Dept. of Computer Science, Worcester Polytechnic Institute, 100 Institute Road, Worcester, MA 01609, USA.
Artif Intell Med. 2010 Jul;49(3):187-95. doi: 10.1016/j.artmed.2010.04.009. Epub 2010 May 18.
We consider predictive models for clinical performance of pancreatic cancer patients based on machine learning techniques. The predictive performance of machine learning is compared with that of the linear and logistic regression techniques that dominate the medical oncology literature.
We construct predictive models over a clinical database that we have developed for the University of Massachusetts Memorial Hospital in Worcester, Massachusetts, USA. The database contains retrospective records of 91 patient treatments for pancreatic tumors. Classification and regression targets include patient survival time, Eastern Cooperative Oncology Group (ECOG) quality of life scores, surgical outcomes, and tumor characteristics. The predictive performance of several techniques is described, and specific models are presented.

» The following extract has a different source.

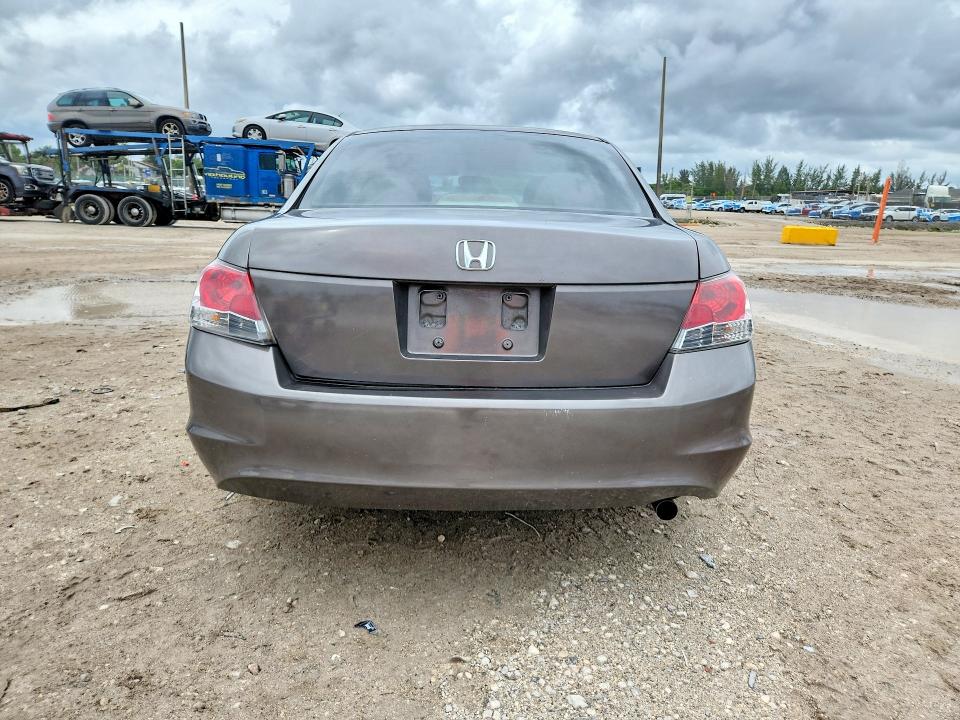 Photo 6 from auction – 2008 HONDA ACCORD with VIN JHMCP26408C044538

We show that machine learning techniques attain a predictive performance that is as good as, or better than, that of linear and logistic regression, for target attributes that include tumor N and T stage, survival time, and ECOG quality of life scores. Bayesian techniques are found to provide the best performance overall. For tumor size as the target attribute, however, logistic regression (respectively linear regression in the case of a numerical as opposed to discrete target) performs best. Preprocessing in the form of attribute selection and supervised attribute discretization improves predictive performance for most of the predictive techniques and target attributes considered.
Machine learning provides techniques for improved prediction of clinical performance. These techniques therefore merit consideration as valuable alternatives to traditional multivariate regression techniques in clinical medical studies.
我们考虑基于机器学习技术的胰腺癌患者临床性能预测模型。将机器学习的预测性能与主导医学肿瘤学文献的线性和逻辑回归技术进行比较。
我们在美国马萨诸塞州伍斯特市的马萨诸塞大学纪念医院开发的临床数据库上构建预测模型。该数据库包含 91 名胰腺肿瘤患者治疗的回顾性记录。分类和回归目标包括患者生存时间、东部合作肿瘤学组(ECOG)生活质量评分、手术结果和肿瘤特征。描述了几种技术的预测性能,并提出了具体的模型。
我们表明,对于包括肿瘤 N 和 T 分期、生存时间和 ECOG 生活质量评分在内的目标属性,机器学习技术的预测性能与线性和逻辑回归一样好,甚至更好。贝叶斯技术总体上提供了最佳性能。然而,对于肿瘤大小作为目标属性,逻辑回归(对于离散目标,线性回归)表现最佳。属性选择和有监督的属性离散化等预处理形式提高了大多数考虑的预测技术和目标属性的预测性能。
机器学习为临床性能的预测提供了技术。因此,这些技术值得考虑作为传统多元回归技术在临床医学研究中的有价值替代品。